My take on all this – if we are preaching about sin, then we must double down on preaching about forgiveness alongside it. Forgiveness is the strongest weapon we have to fight evil. But we can’t just talk about it, we must do it. All day, every day. Forgive the guy who cut you off in traffic. Forgive your kids for not getting out of bed and off to school on time. Forgive yourself for the myriad of flaws you see when you look inside. Forgiveness is a gift you give yourself – it frees you from the effects of the sins committed against you. It does not free the offender, that comes through repentance.
THE MOST important thing about forgiveness is that in order for it to work, there has to have been an offense to forgive. For if there is no sin, then there is nothing to forgive. This is why people balk at the sin homilies. The devil can’t beat forgiveness, so instead through fear, pride, or whatever he gets us to deny sin exists. And if we have nothing to forgive, then we lose the most powerful weapon God has given us to fight evil, causing us to continue to distance ourselves from Love. Hence the empty pews.
Agreed. Also, Jesus reveals to us through His Disciple John (chapter 8) that if we’d like to be set free from the bondage of sin, Satan, and spiritual death, it’s the “Truth” that sets a man free.
John 8: 31* Jesus then said to the Jews who had believed in him, “If you continue in my word, you are truly my disciples, 32* and you will know the truth, and the truth will make you free.”
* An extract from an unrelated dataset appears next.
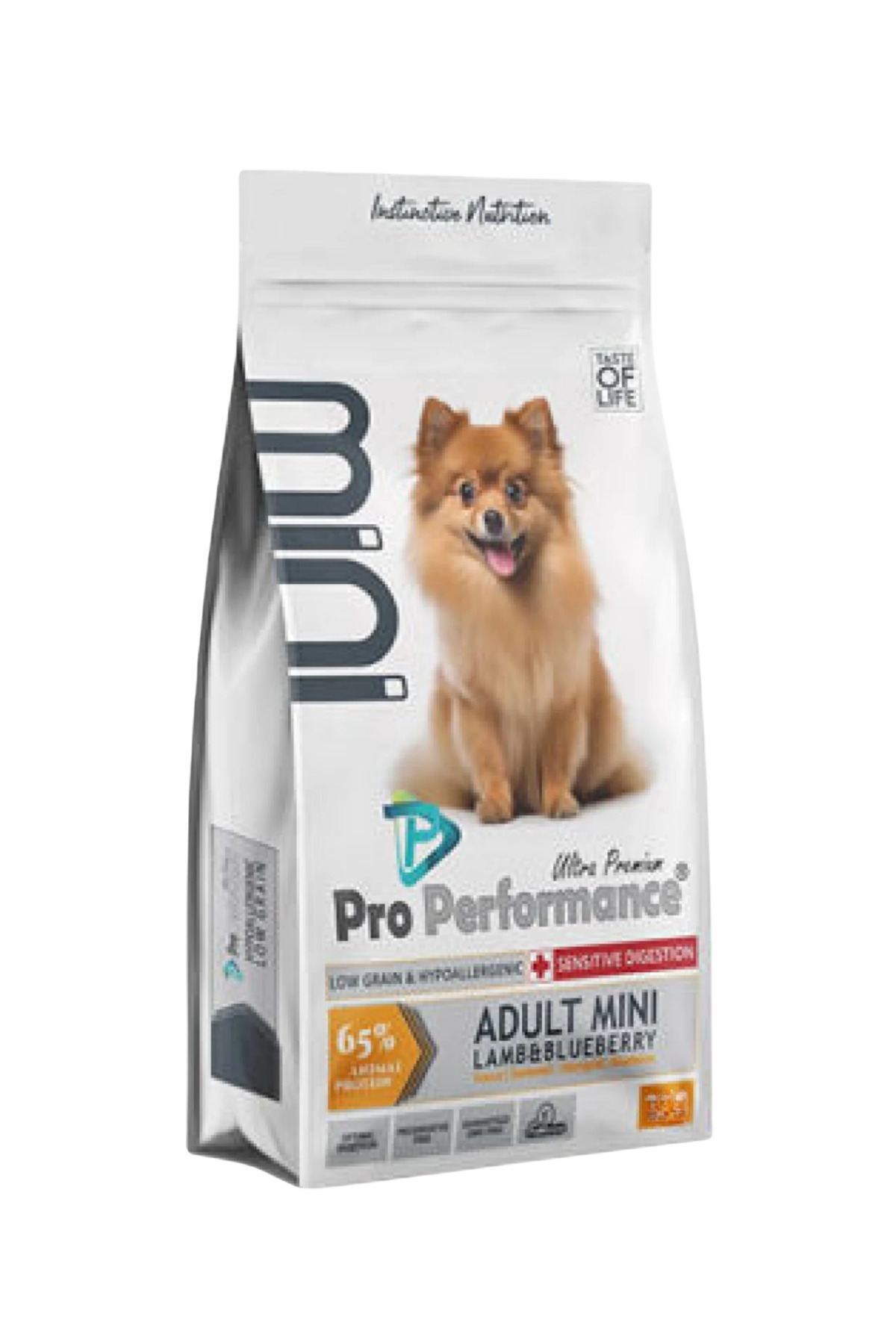 Pro Performance Yetişkin Mini Irk Kuzu Etli ve Yaban Mersinli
The only thing that will ever set us free is the FULLNESS OF TRUTH! Half truths are simply lies. Lies will keep people mired down in the muck and the mud of slavery to the devil. The devil told Eve she could become like God. She can, by God’s grace. NOT BY DISOBEDIENCE BASED ON LIES! God desires to make us more like Himself – perfect. Without the fullness of God’s perfect, beautiful, good Truth his people perish for lack of knowledge. We end up going off our feelings which are the lowest faculties of the soul.
So true, Father. Back when I was in seminary to become a pastor (Lutheran, then, I’ve now returned to the Catholic Church), we were very clearly and strongly told
“don’t talk about sin and that people are sinners. They already know that. Just stick with the gospel.” But I always protested – people don’t KNOW they are sinners, for the most part, because we never mention it. And the one’s who are aware, never think theirs is so bad. Humans have a very masterful skill of self-justification… a concept that certainly should not have been lost on any of us, especially professors/pastors in a Lutheran seminary.
People who were forgiven the most love the most, so Mary must have been forgiven the most of all, since she loves God the most of any creature. But she didn’t sin, so being held back from original sin and all subsequent sins by grace must be a type of forgiveness. I know St Therese said something to that effect about herself, and it would apply to Mary far, far, far more.
Coincidently, I’m currently reading a fine old book from Cardinal Archbishop Edward Manning that was written in the late 1800’s called. “Sin and It’s Consequences.” In my opinion it deserves to be a spiritual classic up there with “Imitation of Christ” and “The Spiritual Combat.” It was written in an age when popular modern philosophers were first openly denying the existence of sin, thus lessening the sense of sin among the common populace. Now, of course, it is conventional wisdom that sin and holiness are either fictions or entirely relative, but the bad news about sin remains the same.